Definitions of Trigonometric Functions

Trigonometry is the study of the relationships between the side lengths and angles of triangles, derived from the Greek words for 'triangle measure'.

In a right-angled triangle, the three primary functions are defined as ratios of specific sides relative to a reference angle $\theta$.

Sine ($\sin \theta$) is the ratio of the side opposite the angle to the hypotenuse: $\sin \theta = \frac{\text{Opposite}}{\text{Hypotenuse}}$.

Cosine ($\cos \theta$) is the ratio of the side adjacent to the angle to the hypotenuse: $\cos \theta = \frac{\text{Adjacent}}{\text{Hypotenuse}}$.

Tangent ($\tan \theta$) is the ratio of the opposite side to the adjacent side: $\tan \theta = \frac{\text{Opposite}}{\text{Adjacent}}$.

In the unit circle, the angle $\theta$ is always measured anticlockwise starting from the positive x-axis ($0^\circ$).

The x-coordinate of a point on the unit circle represents the Cosine of the angle, while the y-coordinate represents the Sine of the angle.

The Tangent of the angle can be calculated as the ratio of the y-coordinate to the x-coordinate: $\tan \theta = \frac{y}{x} = \frac{\sin \theta}{\cos \theta}$.

This coordinate-based definition allows for the calculation of trigonometric values for obtuse angles ($>90^\circ$), reflex angles ($>180^\circ$), and even negative angles.

Check Calculator Mode: Always verify if the problem requires Degrees or Radians before performing calculations; using the wrong mode is a frequent source of lost marks.

Sanity Checks: Remember that for any real angle $\theta$, the values of $\sin \theta$ and $\cos \theta$ must fall between $-1$ and $1$ inclusive.
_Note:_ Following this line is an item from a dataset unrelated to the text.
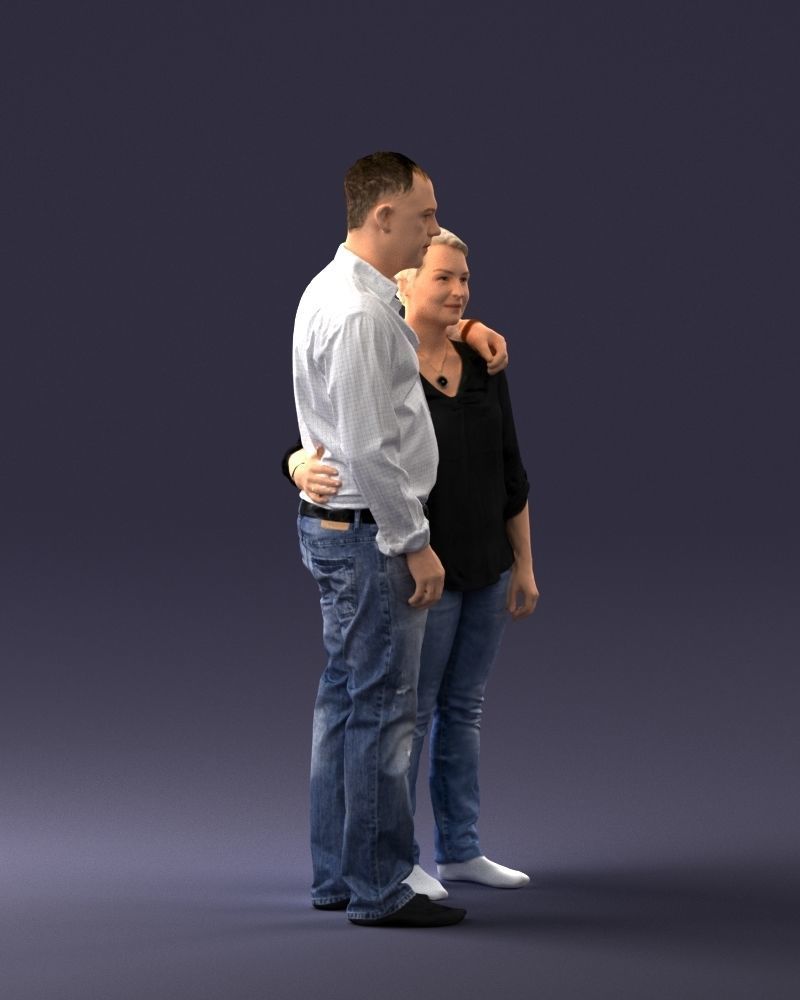 000231 Couple Standing Together Embracing Pose 1205 3dp 3D print model_9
If your result is outside this range, re-check your steps.

Direction Matters: Ensure you are measuring angles anticlockwise from the positive x-axis; clockwise measurements are considered negative angles.

Inverse Functions: When finding an angle from a ratio, use the inverse functions ($\sin^{-1}$, $\cos^{-1}$, $\tan^{-1}$) and consider if the angle should be acute or obtuse based on the context.

Swapping Coordinates: A common error is associating $x$ with sine and $y$ with cosine; remember that $x$ is the horizontal component (Cosine) and $y$ is the vertical component (Sine).

Tangent at $90^\circ$: Students often forget that $\tan \theta$ is undefined when the x-coordinate is $0$ (at $90^\circ$ and $270^\circ$), as you cannot divide by zero.

Radius Assumption: In the unit circle, the radius is always $1$. If a circle has a different radius $r$, the coordinates become $(r \cos \theta, r \sin \theta)$.